I had the great pleasure of training with some of the world’s best athletes when I moved out to Victoria, B.C. in 2002.

Ironman World Champions, Olympic Gold Medalists and World Cup Winners were all part of our training squad back in the early 2000’s. If you wanted to feel like a small fish in a big pond, The National Triathlon Training Centre was THE place to be. Coming top 10 or even top 5 in big races was acknowledged as good work, but when the winner of the race was also in your lane it was very easy to stay humble.

I learned a lot during those years, but a few things really stood out and continue to guide the way I prepare myself and my athletes to train, race and handle success.

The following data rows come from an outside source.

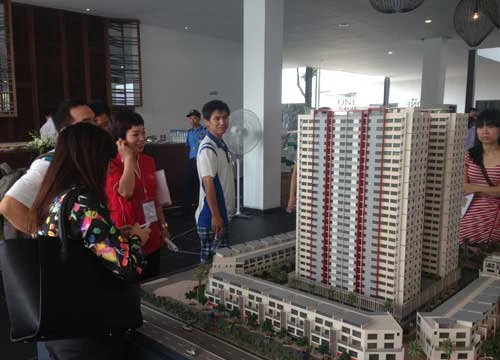 Có dự án căn hộ chưa đầy 1 tuần sau khi ra hàng đã tăng 15-20% trên thị trường thứ cấp, trung bình mỗi ngày tăng 1 triệu đồng/m2.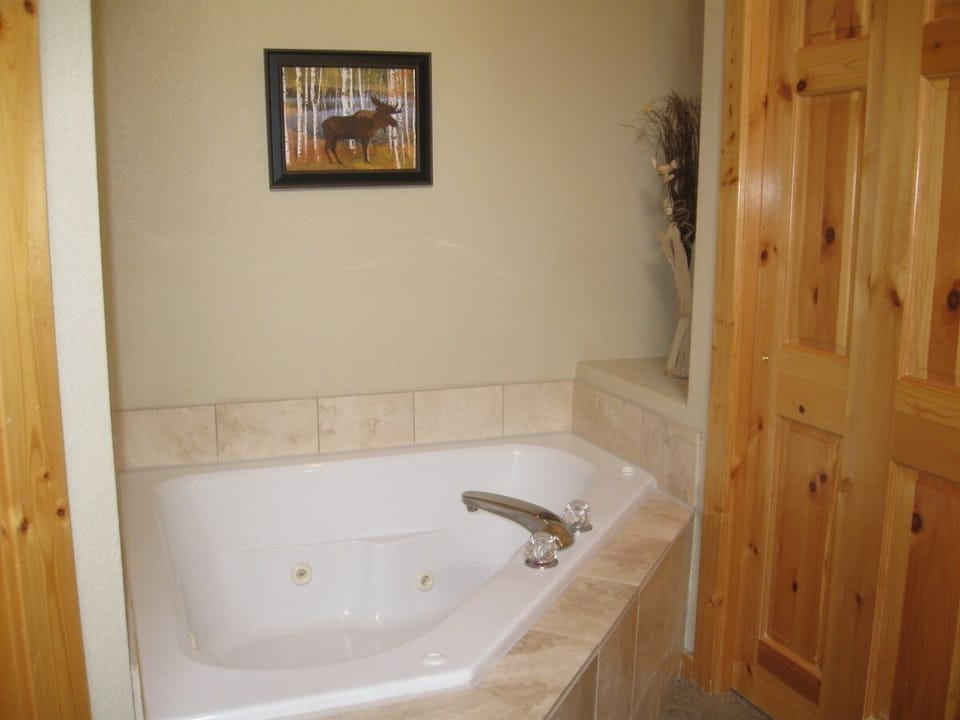 In-bedroom jetted tub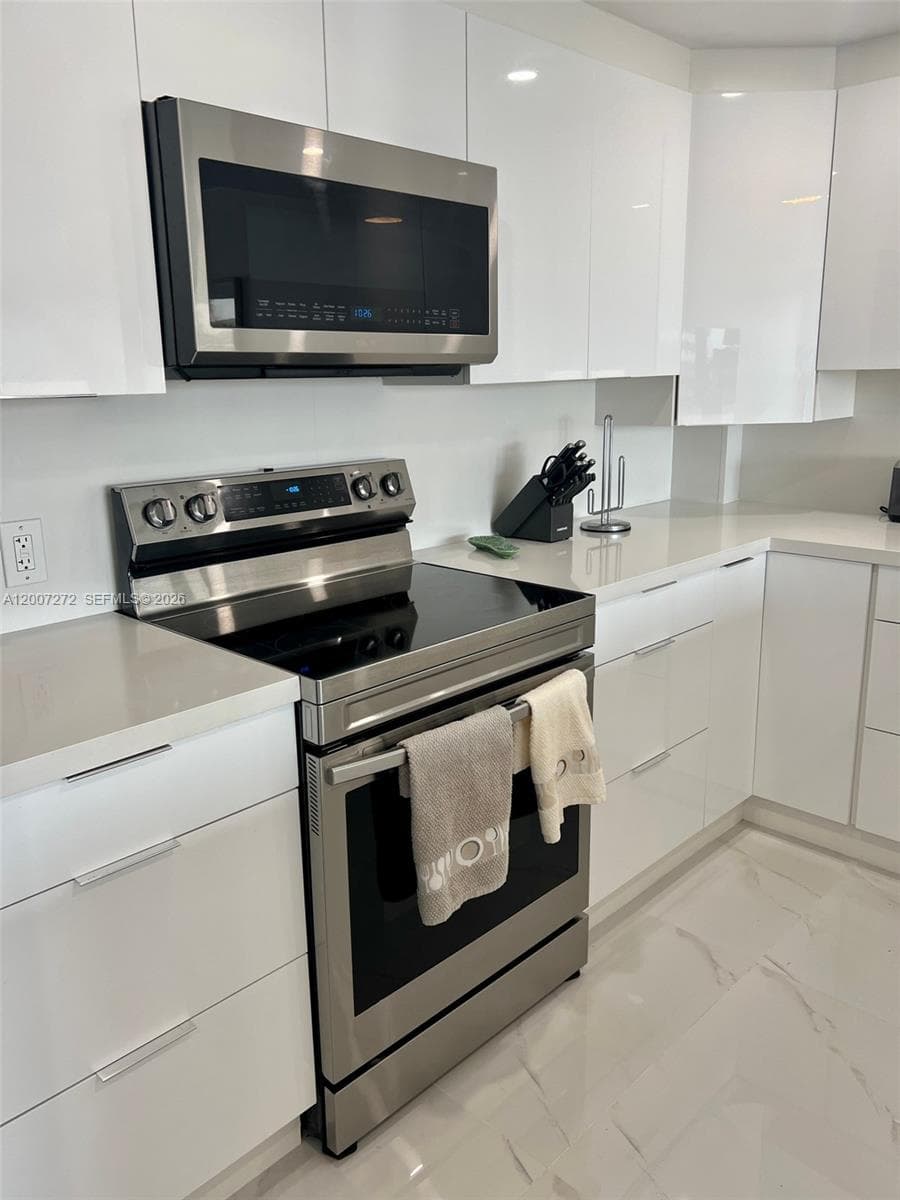 155 Ocean Lane Dr # 1011, Key Biscayne FL 33149 — 22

#1 – Never get too high or too low

The best athletes just put in the work and reserve judgement. Training is training. Some days go well, some not so well and they can go either way depending on a number of factors. Not the least of which are fatigue levels and where you are at in your training cycle. If you are into the third week of a hard build you are not going to perform like you would after a solid period of rest and recovery. If you spend time judging workout to workout then you are going to absolutely fry yourself mentally. I watched this day to day judgement break a lot athletes spirits and ruin their confidence while the best just kept on putting in the work.

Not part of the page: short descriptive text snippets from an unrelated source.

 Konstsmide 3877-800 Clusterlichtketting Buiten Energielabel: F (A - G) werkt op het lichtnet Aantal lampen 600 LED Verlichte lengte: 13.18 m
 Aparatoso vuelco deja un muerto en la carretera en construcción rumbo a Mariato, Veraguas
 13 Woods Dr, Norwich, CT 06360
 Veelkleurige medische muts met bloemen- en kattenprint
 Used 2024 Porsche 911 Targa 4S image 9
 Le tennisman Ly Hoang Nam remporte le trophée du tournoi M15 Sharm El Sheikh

#2 – Know when it is time to get serious

I use to watch a World Champion flip a switch at the eight week mark out of a big race. This ability to focus is something I learned to emulate and encourage my athletes to do as well. Eight weeks out of a big race is when it is time to do EVERYTHING right; training, diet, sleep, massage. All of the little things should become big things in this final eight weeks. If you want to hit the start line with confidence and “knowing” that you are fully prepared a lot of it has to do with what happens in these final two months. I always feel as if I have already won if I have done everything in that eight week window and toe the start line with good health. Once the gun goes off it is simply time to execute what you already know you are capable of and are ready for.

#3 – Stay humble

This also relates to what was mentioned above. It was easy to stay humble in our training environment because the best athletes in our group were also the MOST humble. The best never tell you how good they are. They show you! Sure, they were confident, but they were confident because they put in the work and they knew how to prepare for the big days. See #1 and #2. They never felt the need to brag or boast. They would quietly put in the work and when the lights came on they would be prepared for the moment and would capture it. Maybe it was very much a Canadian thing, but we also had some great international athletes at the Centre who had the same qualities.

These are just three things that stood out to me in my time training as a “pro” here in Victoria.

They are guiding principles that apply to sport, but they are also very relative to the pursuit of any big endeavor in or out of the sporting world. If you can master them and adhere to them, you are sure to find success in whatever it is you are trying to accomplish. And once you have that success you will be well advised to stay humble and keep working hard for the next moment.